Power-One, Inc. v. Artesyn Technologies, Inc. United States District Court, Eastern District of Texas, Civil Action No. 2-05-CV-463 (LED). This action was initiated by the Company against Artesyn Technologies on September 30, 2005. The complaint alleged that certain product of Artesyn Technologies infringes certain patents held by the Company that focus on technologies relating to digital power management and control. The complaint sought certain injunctive relief against and compensatory damages from Artesyn Technologies. A trial by jury was held in November, 2007. The jury found that all Power-One patents in the suit were valid, and found that the accused Artesyn product infringed Power-One's U.S. patent No. 7,000,125. The Court issued rulings on April 11, 2008 favorable to the Company, including issuance of a permanent injunction against Artesyn Technologies and its successors. Final judgment was issued by the Court on July 1, 2008 confirming the jury verdict and the entry of the permanent injunction. Notice of Appeal was filed by Artesyn Technologies on July 29, 2008.

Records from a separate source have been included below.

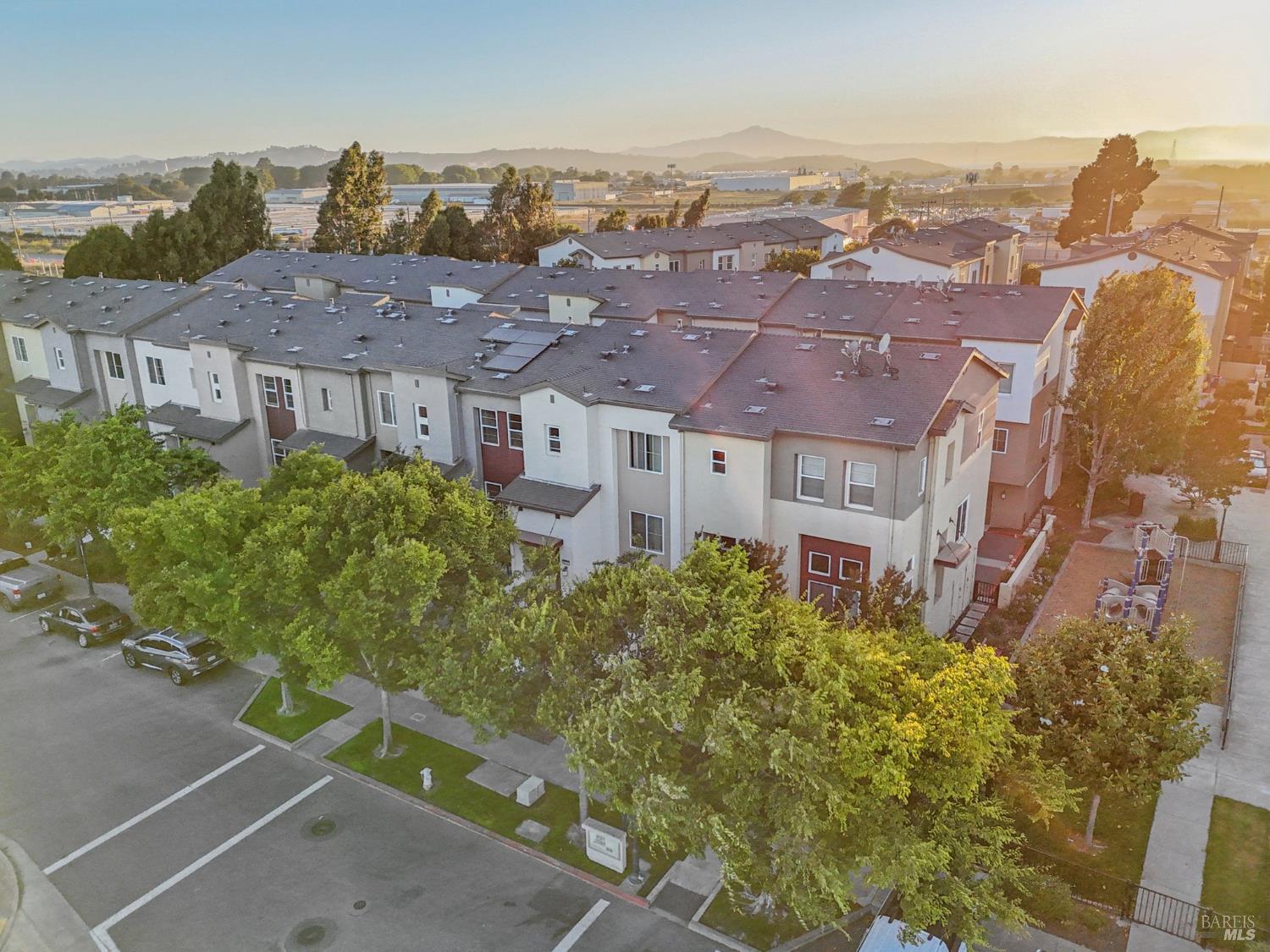 Detail Gallery Image 33 of 35 For 2717 10th St, San Pablo,  CA 94806 - 3 Beds | 2/1 Baths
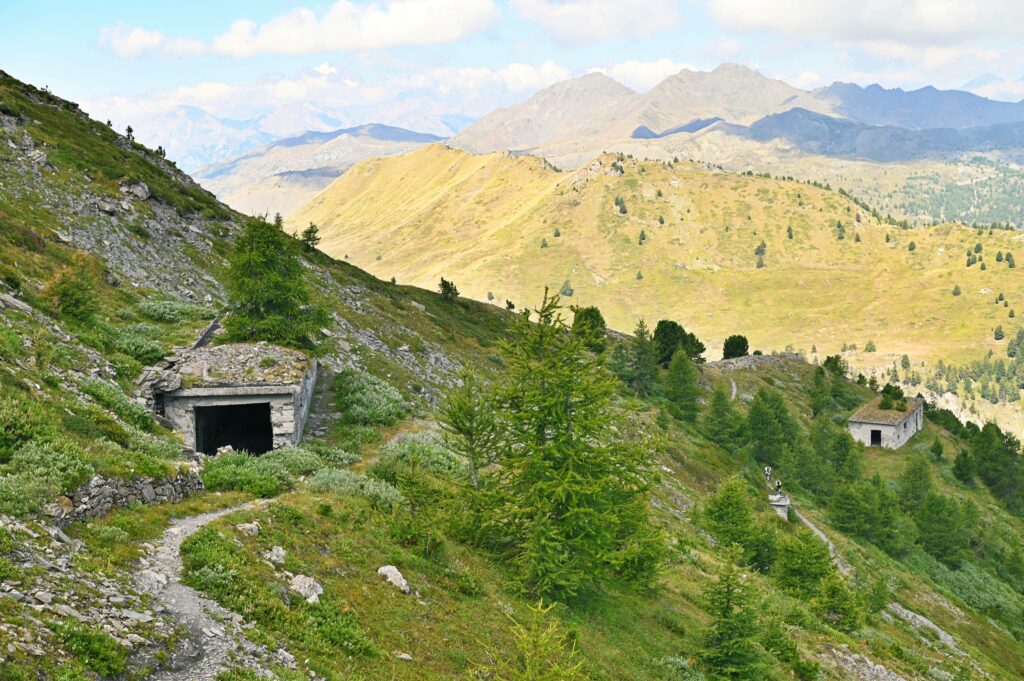 Casermetta salendo al monte Giassiez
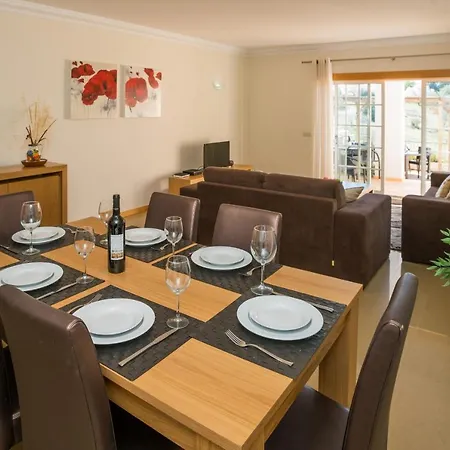 Будинок відпочинку Charming Family Townhouse In Albufeira, Algarve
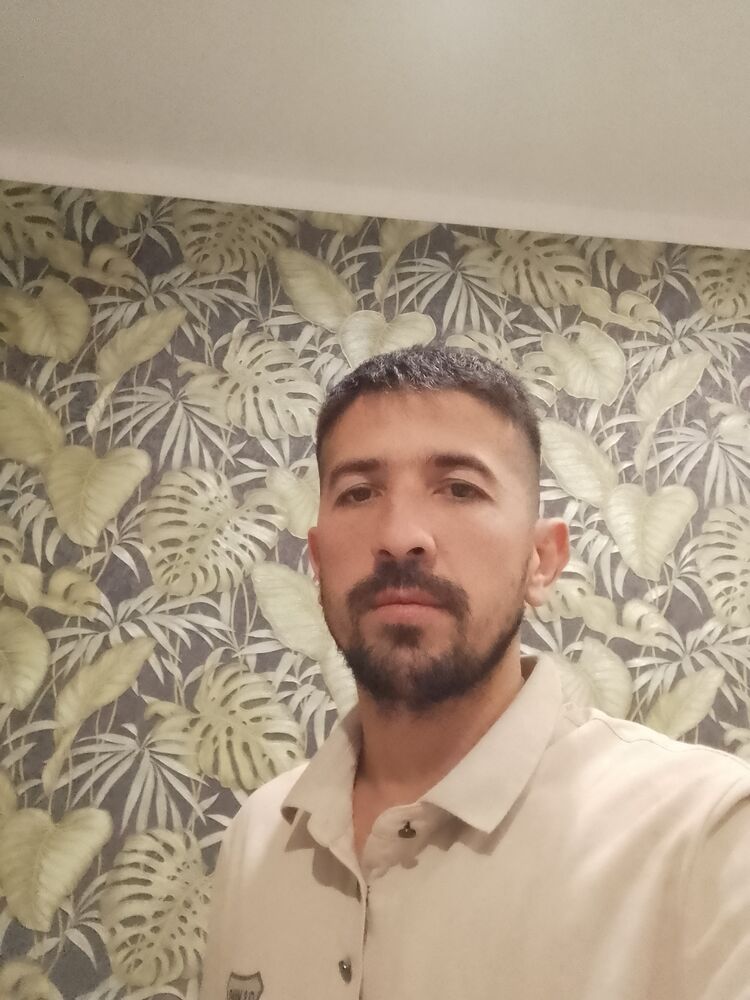  45998484  Serj, 36 ,    --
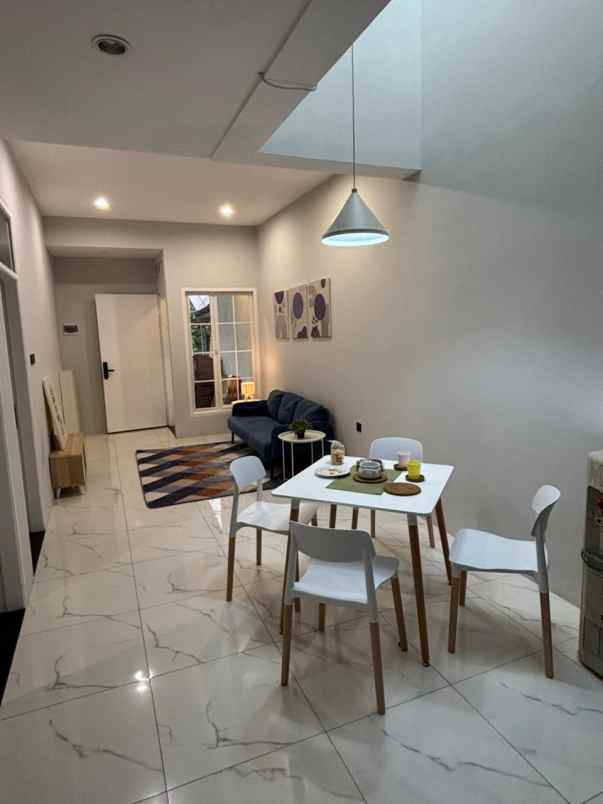 dijual rumah kembar mas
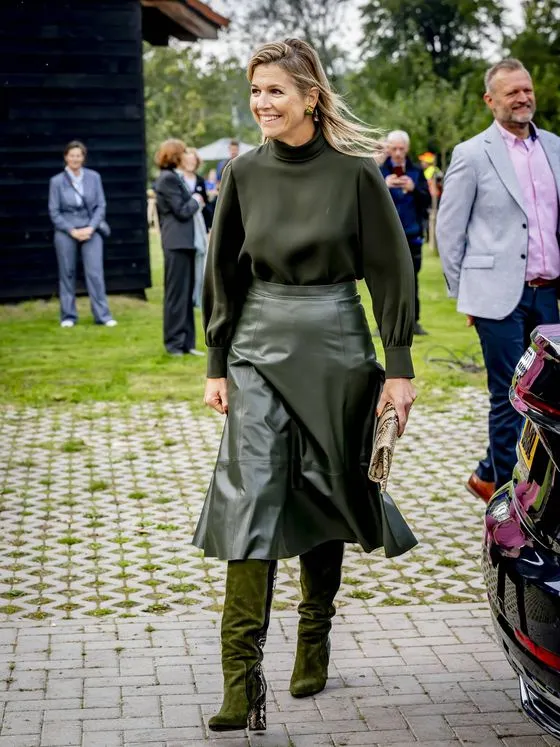 La reina reafirmó su estilo con un conjunto sorprendente.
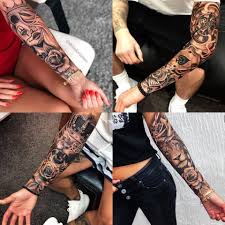 In extreme cases of muscle growth and weight gain, the skin can stretch so much so that the tattoos start to lose the initial vividness and change colors. Die Schonsten Tattoo Ideen Fur Frauen Facebook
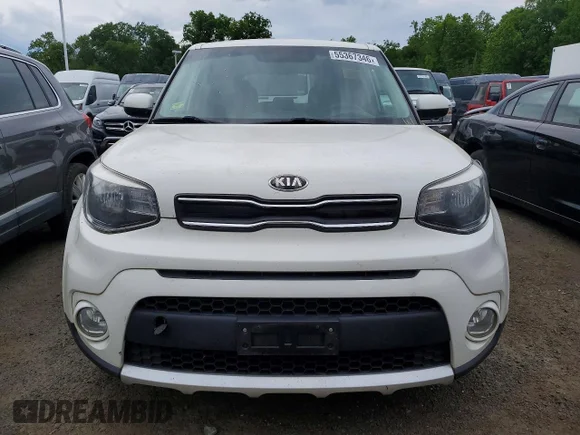 ✅ 2018 Kia Soul + • VIN: KNDJP3A55J7612652 • Lot: 55367346. Wystawiony na Copart z przebiegiem 150 580 mil. Bezpłatny archiwum sprzedaży aukcyjnych z USA i szczegółowy raport historii pojazdu na DreamBid. Zdjęcie 5.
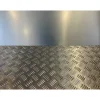 Alucouleur Tôle-Plaque Aluminium Strié, ép. 2/3mm, Hauteur 35cm x Largeur 30cm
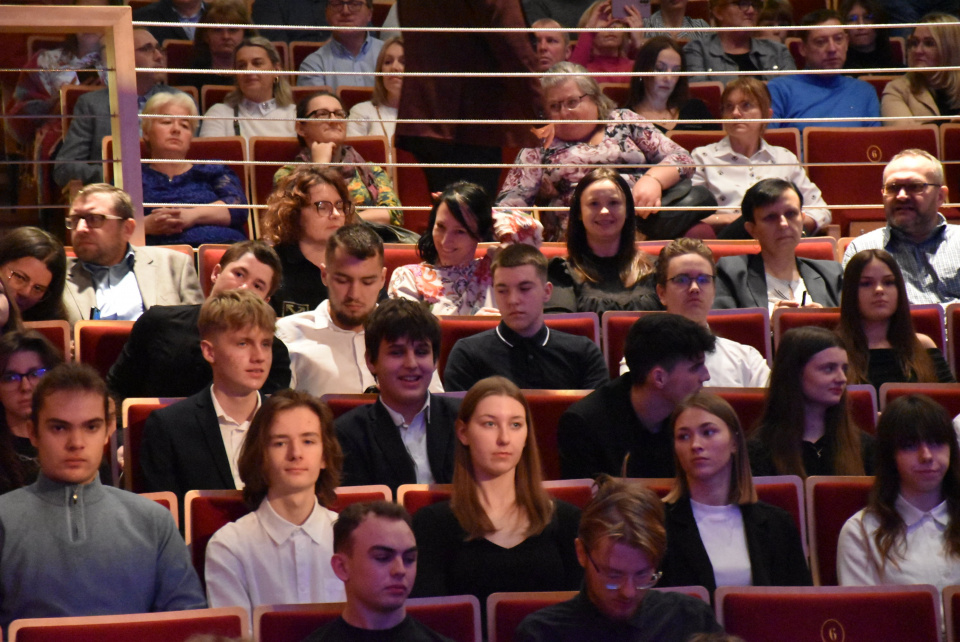 Najzdolniejsi ze stypendiami. Uroczysta gala w Filharmonii Opolskiej [fot. Joanna Matlak]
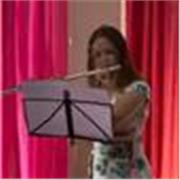 Flauta e teoria musical para iniciantes e intermediários, professora com formação técnica em música (35$ a hora)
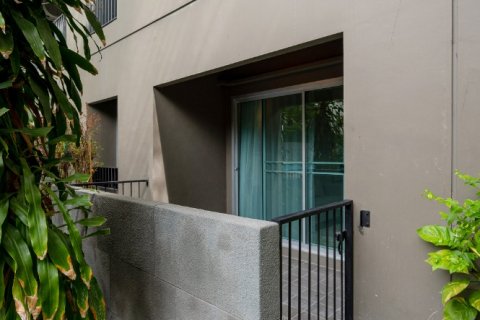 Condo in Bangkok, Thailand, 2 bedrooms № 142974 - photo 19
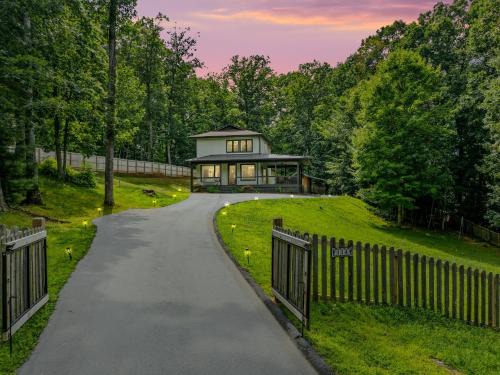 Mills River Casa | Near Asheville Hot Tub Fire Pit BBQ Sleeps 10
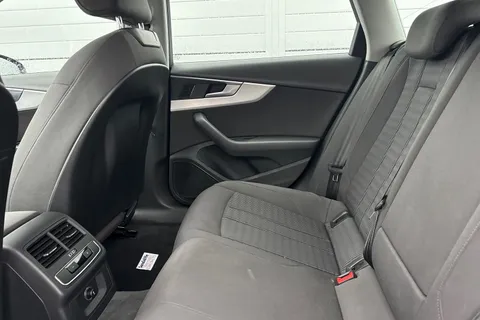 OY67GOJ Audi A4 Avant 2.0 TDI ultra SE Euro 6 (s/s) 5dr Thumbnail #33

Astec America, Inc. v. Power-One, Inc. United States District Court, Eastern District of Texas, Civil Action No. 6:07-CV-464 (LED) (JDL). This action was initiated by Astec America on July 27, 2007, originally filed in the United States District Court, Central District of California. The action seeks a declaratory judgment in favor of Astec America that certain products of Astec America do not infringe certain patents of Power-One. The patents at issue in this matter are essentially the same patents as are at issue in the Power-One v. Artesyn Technologies matter noted above. Per motion of Power-One, the action was transferred to the Eastern District Court in Texas, and placed before the same judge handling the Power-One v. Artesyn Technologies matter. The Court denied Power-One's motion to dismiss on April 11, 2008. The Court issued an Order on July 15, 2008 under which all proceedings in this matter were stayed and put on indefinite hold pending completion of appellate proceedings in Power-One, Inc. v. Artesyn Technologies, Inc.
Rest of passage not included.